Elisa (Sally Hawking) mieszka nad starym kinem, które traci widownię na rzecz telewizji. Nocami jako sprzątaczka pracuje w laboratorium, gdzie trafia dziwny, wodny potwór. A naukowcy zrobią wszystko, by odkryć jego tajemne moce. Ale przede wszystkim zachować swoje znalezisko w tajemnicy przed Sowietami w samym środku zimnej wojny. Niema kobieta szybko zaprzyjaźnią się z kreaturą i między nimi rodzi się prawdziwe uczucie. Kiedy jej nowa miłość znajdzie się w niebezpieczeństwie, kobieta zdecyduje się na pierwszy ważny akt odwagi.
Del Toro angażuje odmieńców – niemowę, gej i dziwne stworzenie, którzy nie czują się komfortowo w społeczeństwie, aby ponownie pokazać strach i brak zrozumienia wobec nieznanego. Podobnie jak w Labiryncie Fauna tworzy piękne, wizualne inscenizacje, w których brzydota i ułomności stają się unikatowym pięknem. To prawdziwy artystyczny popis magii kina, korzystającego z siły opowieści, w której efekty specjalne są sensualnym dopełnieniem. Sally Hawkins tworzy majstersztyk aktorski, operując jedynie mimiką i gestami. Jest enigmatyczna, delikatna i niezwykle kobieca, a przy tym uwodzi skromnością spojrzenia.
The Shape of Water niesie w sobie sceny perełki i gatunkowy miszmasz. Romantyzm miesza się z nutką thrillera, a kino szpiegowskie przenika z brutalną przemocą – finałowa strzelanina przywodzi na myśl filmy Johna Woo. Del Toro opowiada też o przemianach, które zachodzą we współczesnym świecie – kino wieje pustkami, a plastyczne prace artysty tracą na rzecz szybszej i taniej fotografii. To reżyser, który potrafi zadziwiać, zaskakiwać i wciągać pod powierzchnię opowieści. Szczególnie wtedy, kiedy romantyzm kiczowatą laurką, ale prawdziwym porozumieniem dusz.

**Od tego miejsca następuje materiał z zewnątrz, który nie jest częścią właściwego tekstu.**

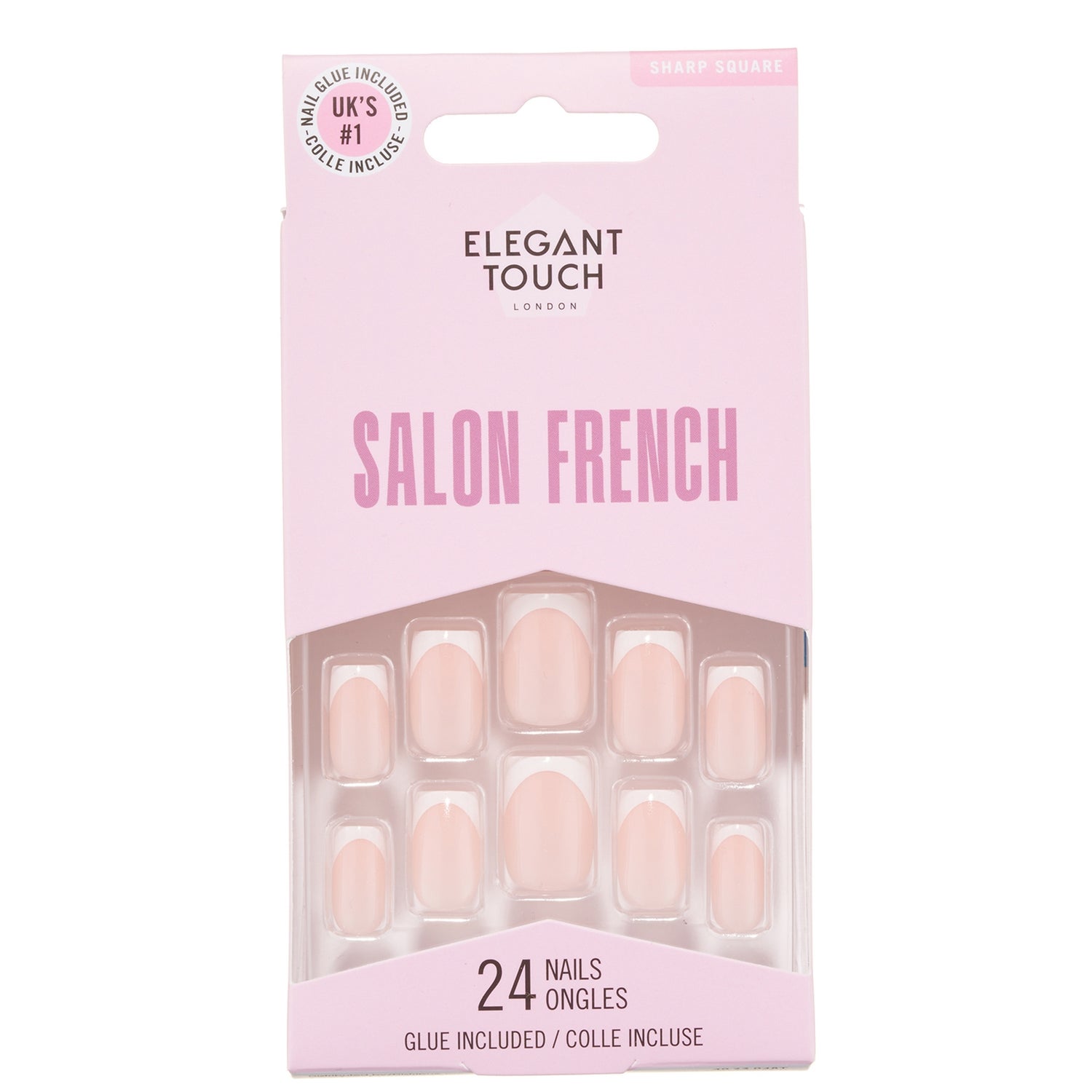 Elegant Touch - French 164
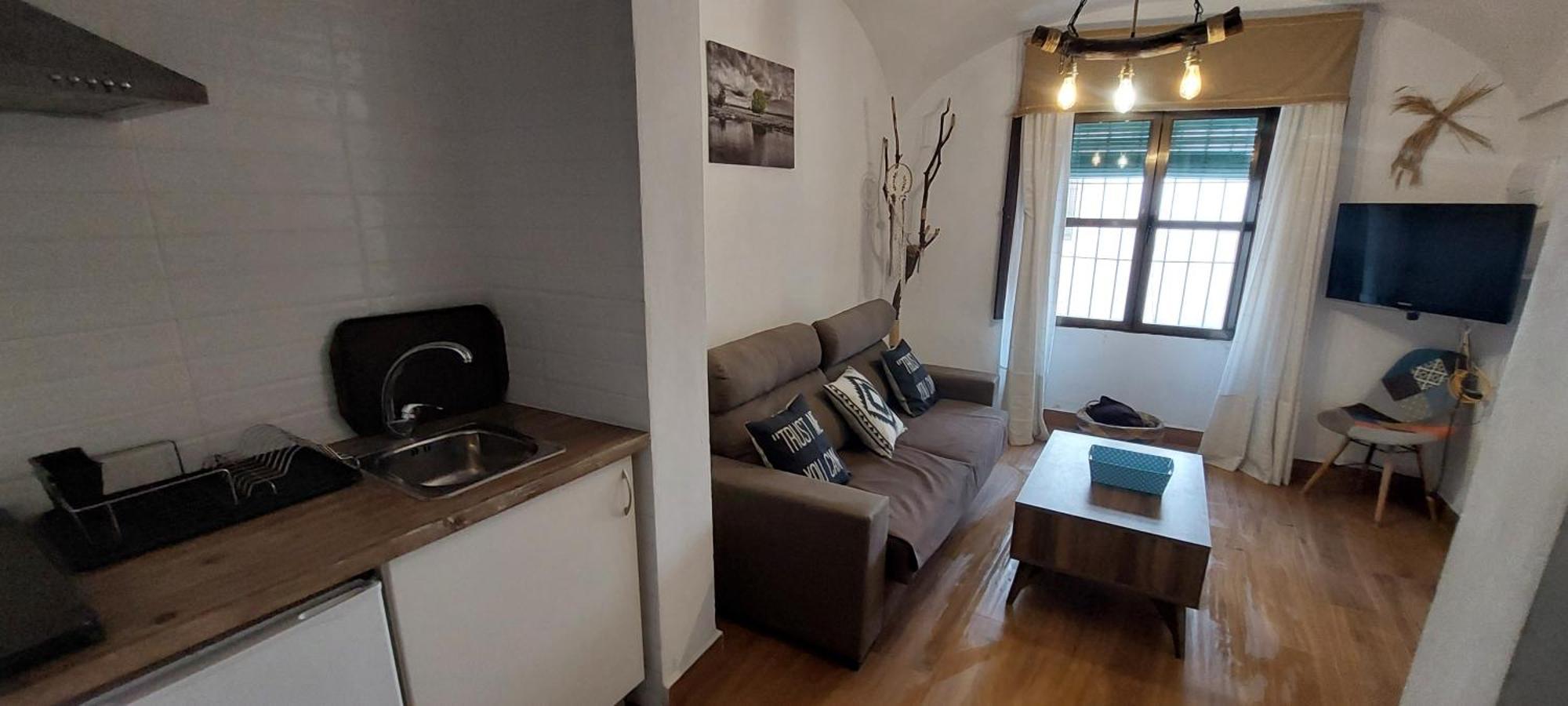 Apartamentos Fuente Nueva II Caceres Bagian luar foto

Film doskonale spełnia się jako przypowieść o akceptacji i odmienności, w której zachwyca subtelna Hawkins, rozdarty Jenkins i rozszalały Shannon. The Shape of Water jest niczym magiczny rejs po burzliwych wodach, gdzie na końcu wędrówki czeka słońce i ciepło filmowego spełnienia.